Iodine levels in Tokyo tap water at twice the level considered safe for infants. Same situation in Iwaki.

Broccoli has been added to the list of tainted vegetables. They have also added Tokyo to the list of regions whose produce should not be eaten.

AP reports there has been a run on bottled water in Tokyo and the store shelves are empty.

Black smoke was seen comeing out of Unit 3 in the afternoon and that prompted an evacuation of workers, though there was no spike in radiation. Workers are being kept out of the plant until Thursday morning.

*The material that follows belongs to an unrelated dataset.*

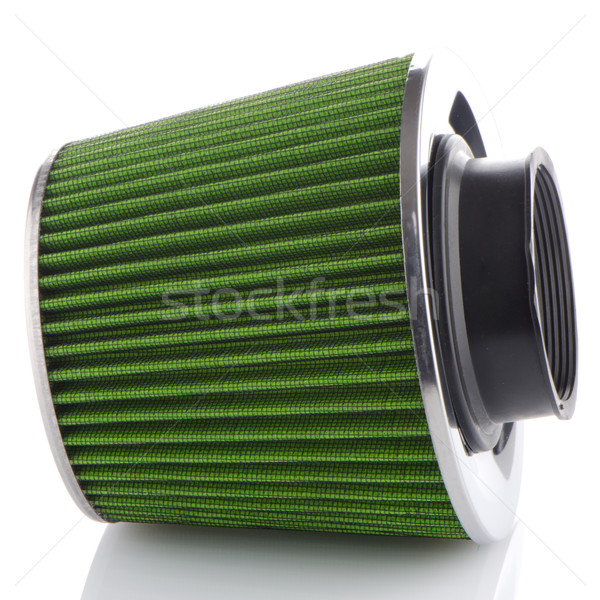 Foto stock: Ar · cone · filtrar · branco · veículo · modificação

AP also reports "for the first time, Edano suggested that those downwind of teh plant, even if just outside the zone, should stay indoors with the windows shut tight"
 
People should be concerned about the impact from this and other modern industrial activities that significantly degrade the environment. Most if not all PR stories that companies and government officials create during and after these industrial accidents are meant to calm citizens fears rather then inform. Those that believe nuclear power is safe labels any negative comments as "hysteria" as if only the most academic scientific discussions are reasonable. Given the cost to build and maintain nuclear energy plants along with decommission and longterm nuclear waste issues it all tends to give me a bout of hysteria now and then. Human time frames tend to reflect our very short life spans but nuclear power issues will span centuries and impact future generations in ways that we cannot imagine today so its best to have a bit of hysteria in the here and now.
Thanks MOM for keeping up with this story!!!!!
 
Ron - I agree that heightened vigilance is necessary.

Hysteria probably isn't - hysteria causes people to take unnecessary risks to avoid imaginary risks. The rule is never to multiply the body count!!
 
Brian -
The winds changed. That's the major problem here. They really should evac to the 30 km and then evac certain areas out to 60.

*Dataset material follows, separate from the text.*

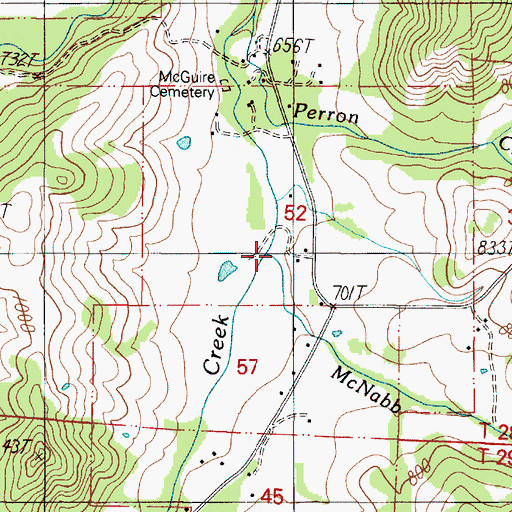 Topographic Map of McNabb Creek, OR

You know the points we were watching NW with the very high readings? Right outside the 30 km? That's about the place where they found the VERY high levels yesterday. Due to current test results, the Japanese government is expanding the testing program to SIX prefectures.

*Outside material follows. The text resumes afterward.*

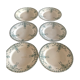 Flat plates in opaque porcelain from Gien "Venice"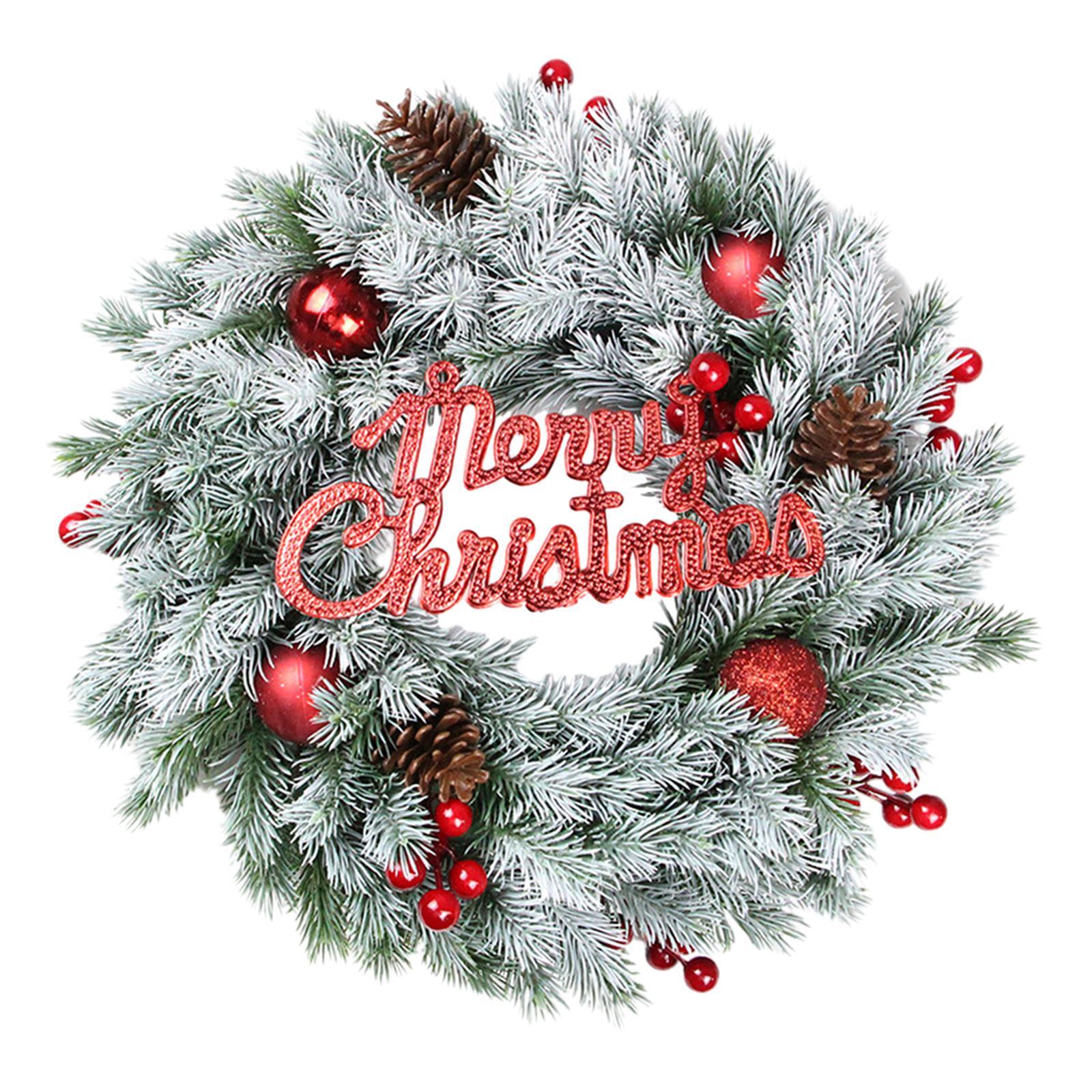 Christmas Wreath Wreath for Front Door Christmas Wreath Door Hanging Holiday Garland Decoration for Bedroom Home Garden Party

Also, simulations are showing that some infants outside the evac zone might have ALREADY received the effective dose of 100 milliS through iodine. Tell your wife that and see what happens. But first pad the ceiling and plug your ears. This happened due to political correctness in the Japanese government; they didn't want to admit that it was a Level 7, which in IMO it certainly is. I don't see how anyone could argue that it is not a Level 6.

Now is the point at which the situation moves into a much more critical set of expanding and interlocked problems.

As for Tokyo, I would be very hesitant to keep kids there right now. There isn't going to be enough bottled water to go around. You are looking at families evacuating kids probably 70-90 kms south, 50 north, and in some areas of the Tokyo metro area. Plus the regular refugees. Unfortunately I looked at ZAMG, and the winds have shifted around so we get another big land exposure. The problem is that it just keeps accumulating in the soil and the water. The flowing water shifts clean quickly, but it will build up in bigger ponds/lakes/reservoirs. Once it accumulates in the soil, every time it rains more leaches out into the tributaries and streams.

100 milliSieverts is the five year max dose for radiation workers. I think 100 milliS annually is perfectly safe for adults without any risks. For kids, I peg the no-exposure past to 50 milliS. That is safe enough that you have some margin. For infants, 25 milliS.

100 milliS over a year wouldn't hurt the average adult, even if you were wrong and got 200 milliS. There are populations in some areas that get exposures of around that.

But kids? Infants? Oh, no, especially since you have to grapple with the idea that they will be exposed to higher-than-normal levels for some years no matter what you do, even if the emissions are mostly curbed in another three weeks.